Training custom machine learning models for specific business needs requires high-quality data, often sourced from human annotations. However, these annotations are error-prone, especially when it comes to videos. Uber Engineering has developed an ML-based system to address these. Bounding box annotation errorwhich aims to ensure data integrity before feeding it to model training.
Visual TL;DR. Manual annotation errors are costly and lead to inconsistencies. Manual annotation errors are resolved with Uber’s ML solution. Cost and inconsistency are the motivations for Uber’s ML solution. Uber’s ML solution uses uLabel integration. Uber’s ML solution tackles tricky video segments. Uber’s ML solutions power synthetic data. Uber’s ML solutions enable accurate ML training. Accurate ML training leads to improved model quality.
Manual annotation errors: Human annotators make mistakes in labeling the bounding box of a video
Expensive and inconsistent: Manual reviews double the cost, double the time, and lack consistency.
Uber’s ML solution: ML systems automatically detect and fix bounding box errors
uLabel Integration: Solution integrated with in-house annotation tool uLabel
Tricky video segments: Challenges arise when recombining video segments after annotation
Synthetic data: Use synthetic data for robust error detection
Accurate ML training: Ensure data integrity for high-quality ML models.
Improving model quality: Improving the performance and reliability of trained ML models
Visual TL;DR
The challenge is in video annotation. Video annotation divides long footage into segments for the operator, introducing the possibility of mistakes during the recombination process. Traditional human review workflows are costly and inconsistent. Uber’s solution is integrated with our in-house tool uLabel and provides real-time automated verification.
Problems with manual review
Human annotators can make mistakes. A second pair of eyes would help, but would double the cost and time. This series of processes is inefficient for large projects.
Uber’s ML-powered solutions
Uber’s system automatically detects critical annotation errors such as ID swaps (trackers incorrectly tracking the wrong object) and position jumps (unexplained shifts in coordinates). According to the Uber Engineering blog, these are the most common and impactful failures.
Why is it tricky?
Detecting these errors is not easy. What looks like an error in one context may be normal in another. Object size, motion, camera movement, scene complexity, and even frame rate all affect the composition of anomalies. A 10 pixel shift is negligible to a car, but significant to a distant pedestrian.
Fixed rules such as “flag jumps over X pixels” are insufficient because they cannot adapt to changing conditions.
Architecture for accuracy
The validation pipeline uses an 11-frame sliding window to analyze features across visual, motion, and coordinate data. The XGBoost classifier then scores the error probability for each frame.
This approach processes raw videos and annotations, extracts features, classifies potential errors, and categorizes them into actionable groups for human review.

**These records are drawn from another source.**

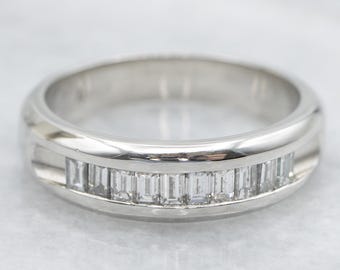 Platinum Diamond Band, Baguette Cut Channel Setting, .25 Carat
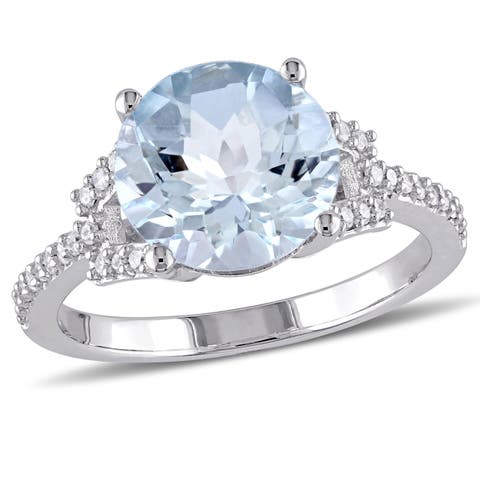 Sky Blue Topaz & Diamond Ring 10k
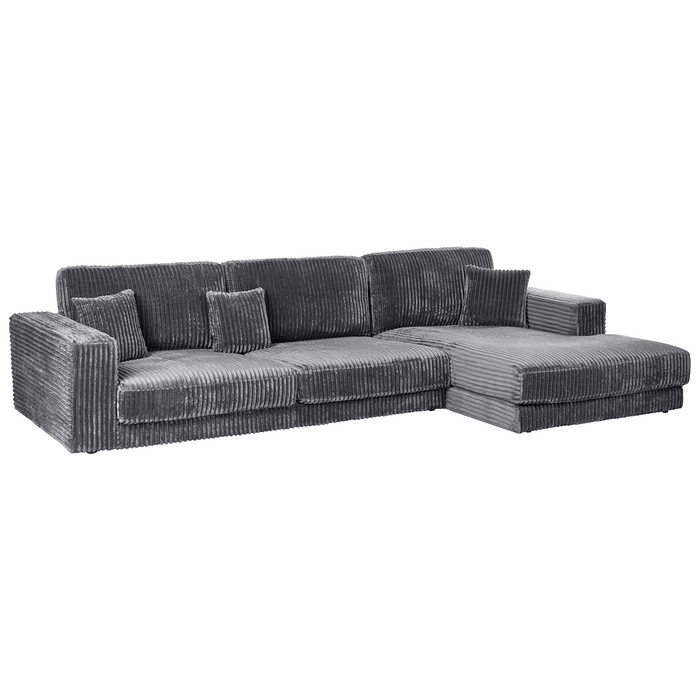 Beliani-LOFOTEN-Hoekbank 4-zits-Donkergrijs-Linkszijdig-Corduroy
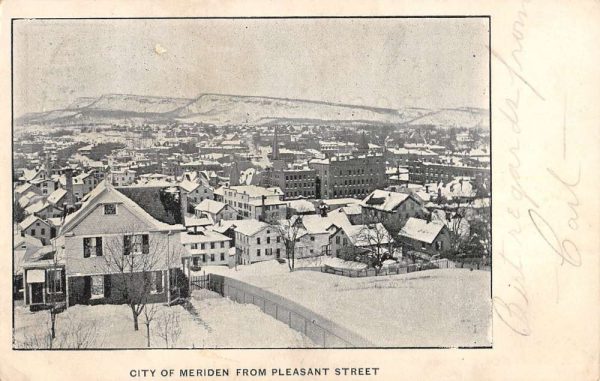 Meriden Connecticut Pleasant Street Birdseye View Antique Postcard K106791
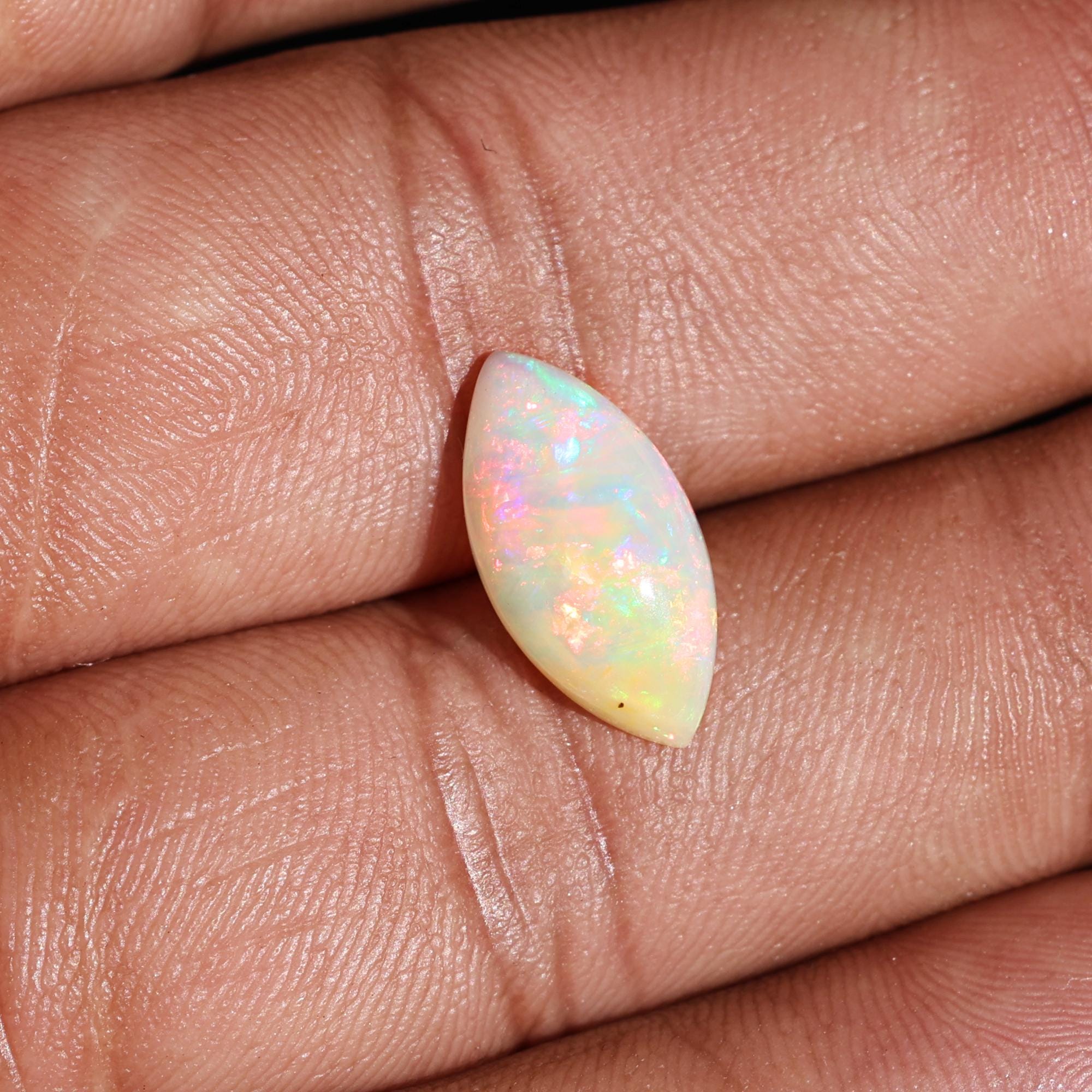 3.20 Carat White Ethiopian Opal Cabochon Gemstone : Marquise Welo Fire Opal Jewelry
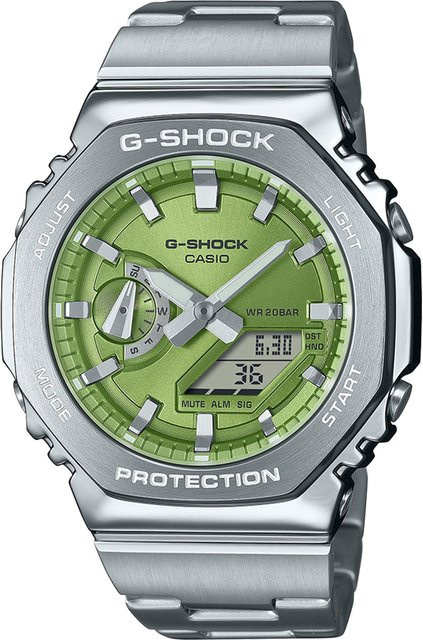 Casio Armbanduhr G-Shock Classic, Quarz, Edelstahl, Grün, 44 mm, Herren - Bild 1
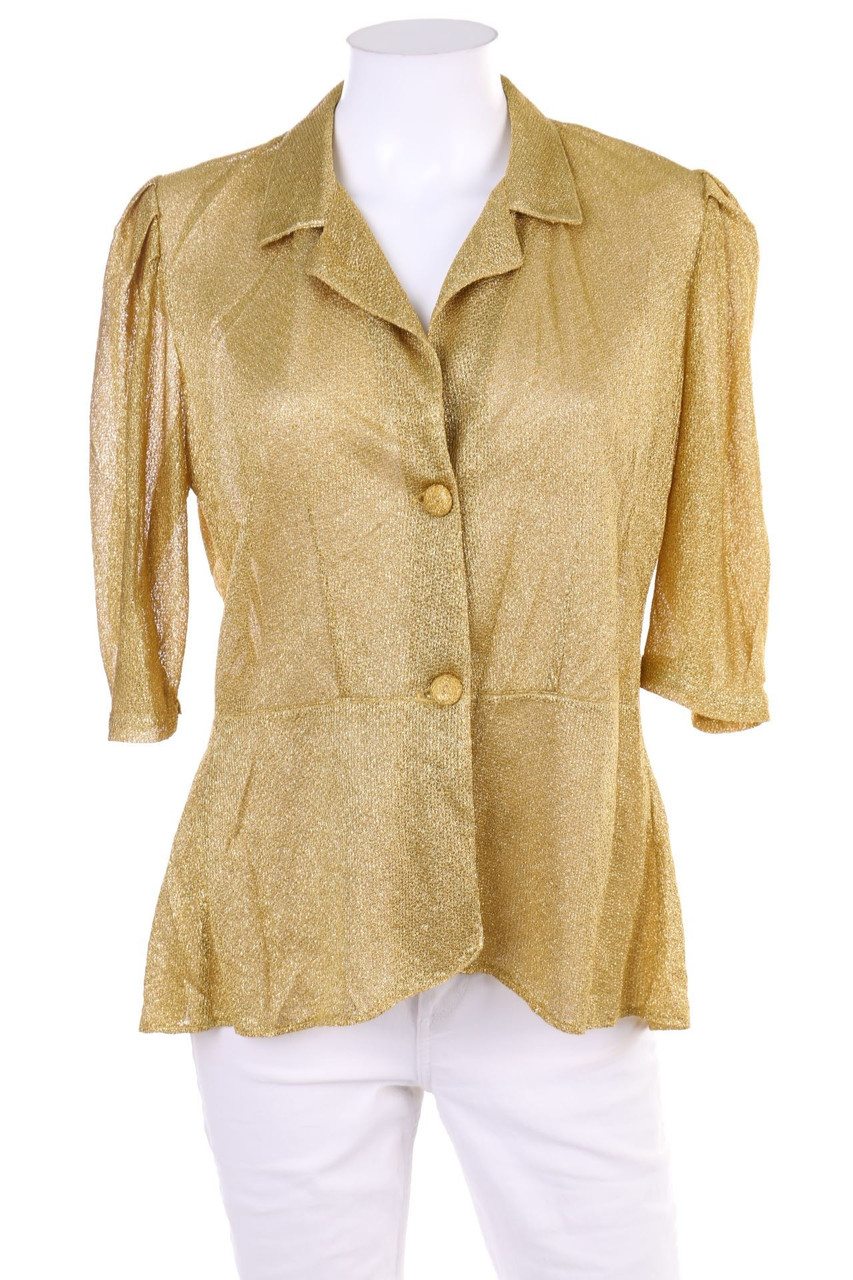 VINTAGE - Glitzer-Bluse mit 3/4-Ärmel - D 42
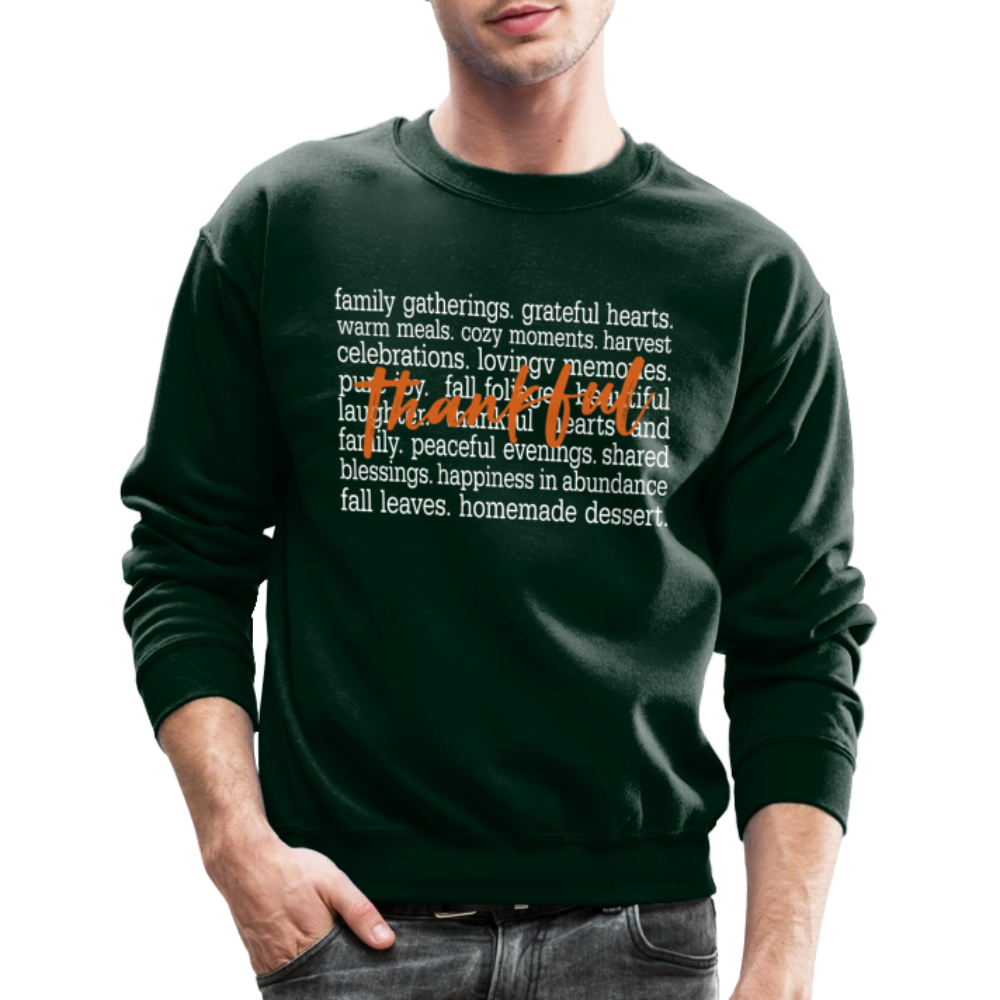 Thankful Word Art (Thanksgiving) Sweatshirt - forest green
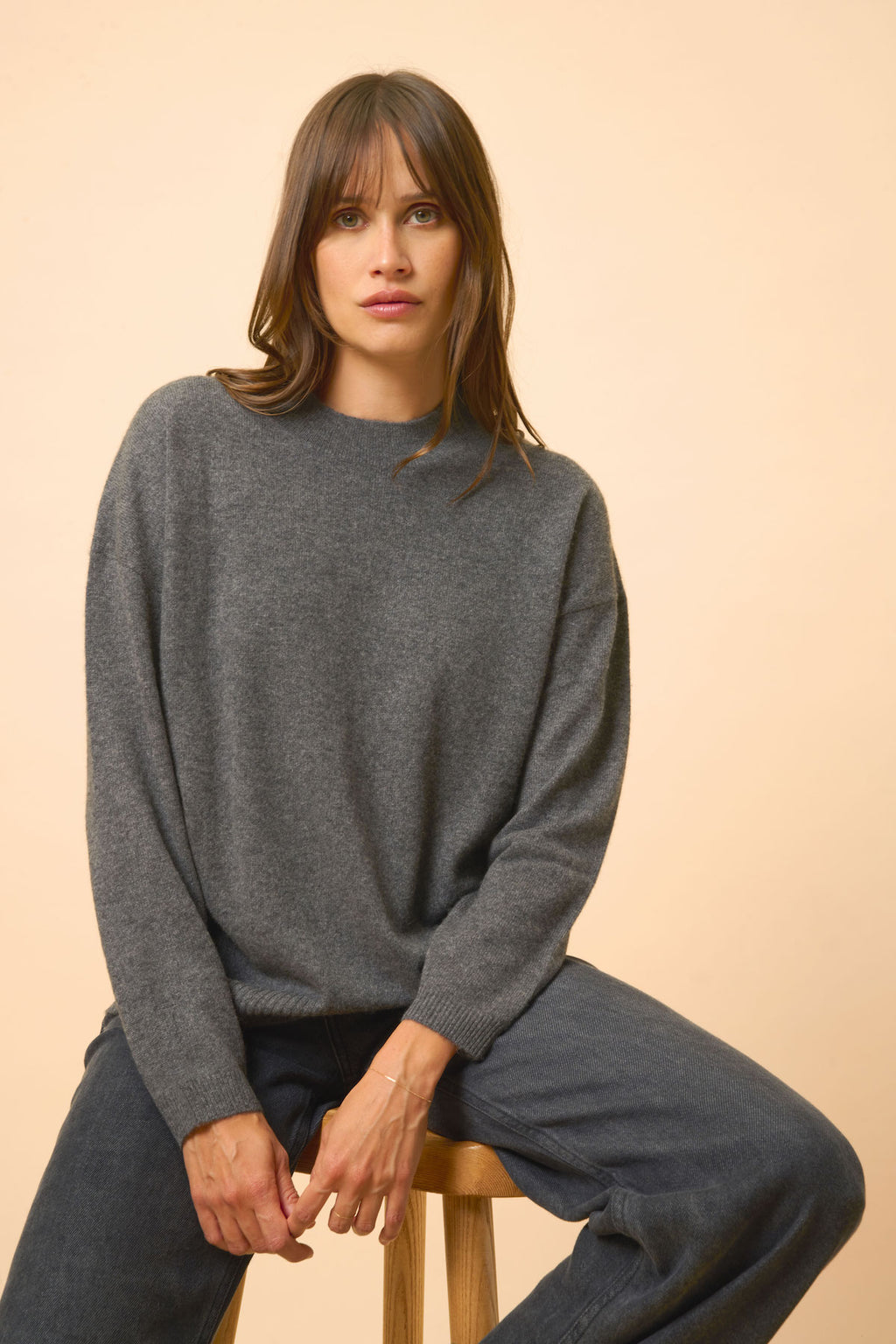 Pull Col Rond Kayla - 100% Cachemire 2 Fils - Anthracite Chiné - Femme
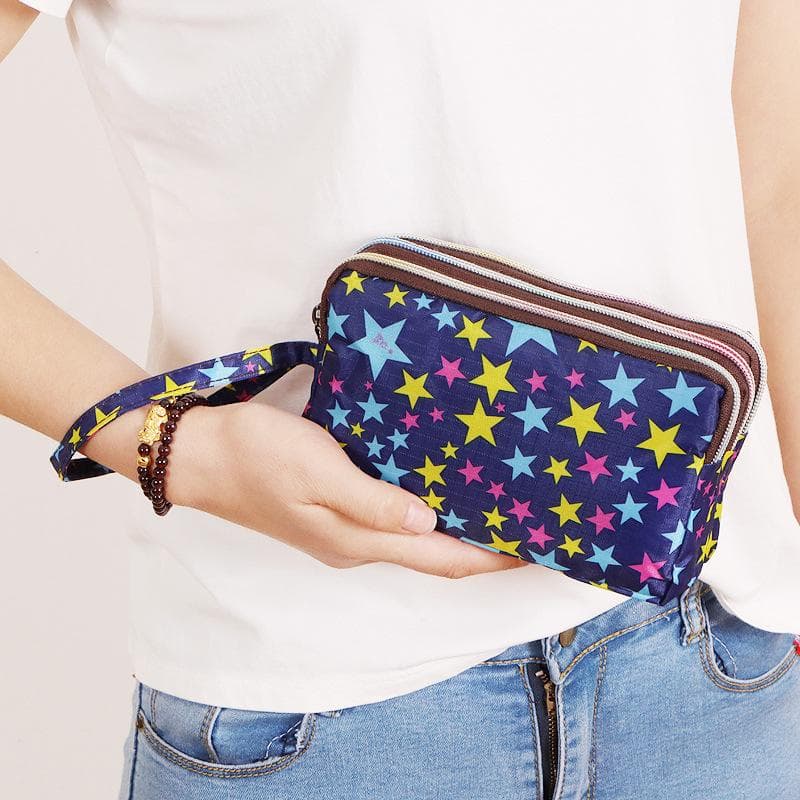 Thickened Three-layer Long Zipper Pocket Purse Women's Handbag Wrist Mobile Phone Bag Cute Washable Cloth Clutch Bag 18x6x12cm blue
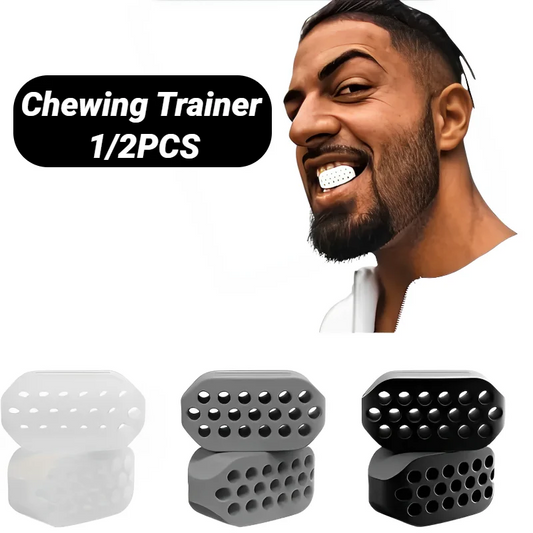 2Pcs Jaw Exerciser Fitness Jawline Muscle Training Double Chin Reducer Neck Face Slimming Mouth Silicone Chew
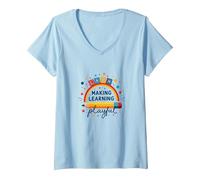 Jouer C'est Apprendre Un Enseignant Qui Fait de l'apprentissage Un Arc-en-Ciel ludique T-Shirt avec Col en V, Femme, Bleu Céleste, M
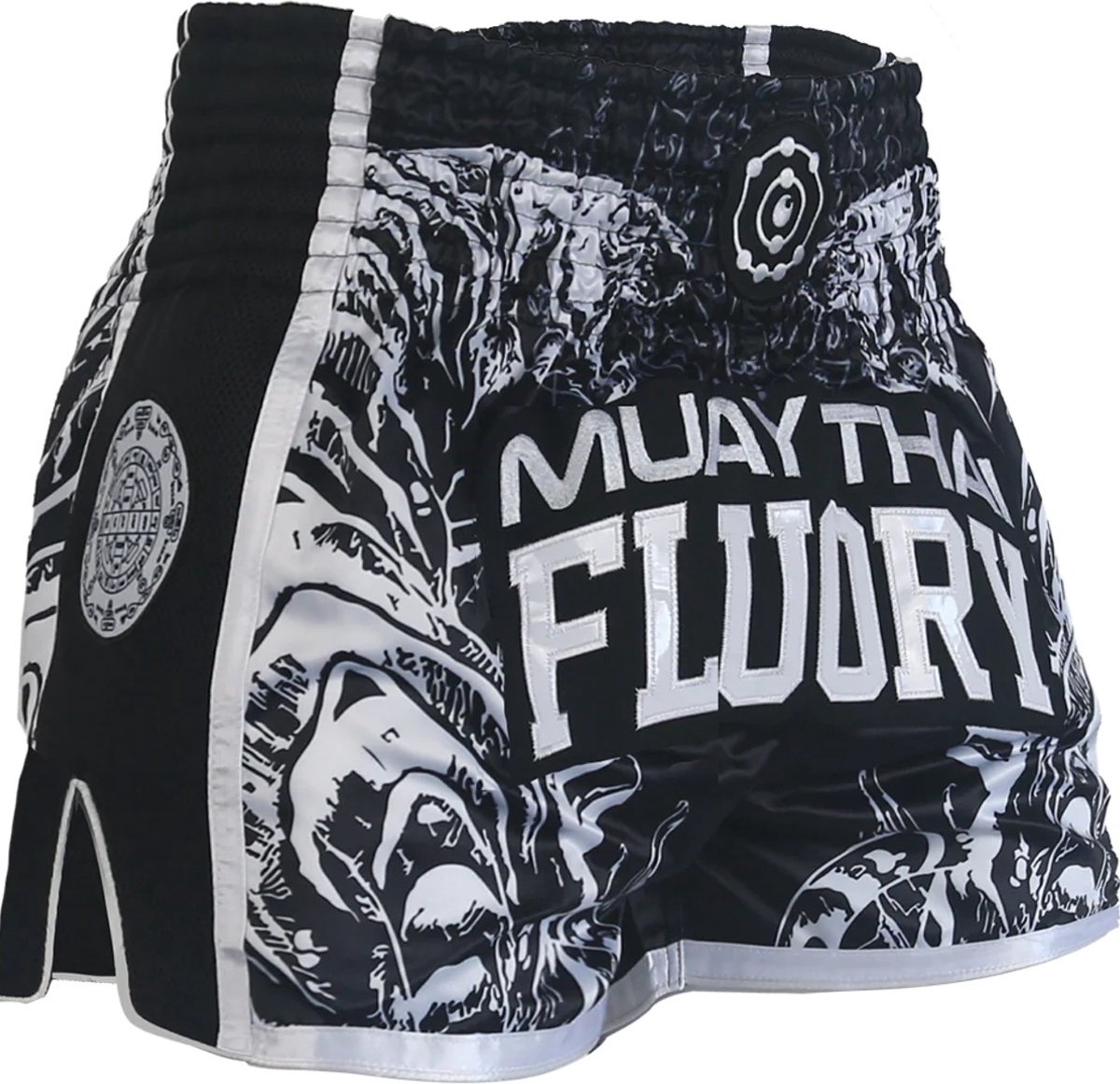 Fluory Sak Yant Tiger Muay Thai Kickboks Broek Zwart maat XL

Synthetic data for increased robustness
Because errors are rare in the real world, Uber generates synthetic data by introducing perturbations that mimic human mistakes. This includes simulating ID swaps and position jumps over various sizes and distances.
This synthetic dataset is derived from six open source datasets, ensuring the system is generalizable across a variety of scenarios, from autonomous driving to crowded scenes. It is important to focus on improving the quality of machine learning data labeling.
In-tool validation and future planning
The system flags issues directly in uLabel, allowing the operator to fix the issue or reject the suggestion. Uber has already implemented this solution across its bounding box annotation project and plans to expand it to cover more error types and further improve the quality of video annotations.
This automatic validation significantly improves data quality, streamlines workflows, and contributes to more robust machine learning and robotics systems.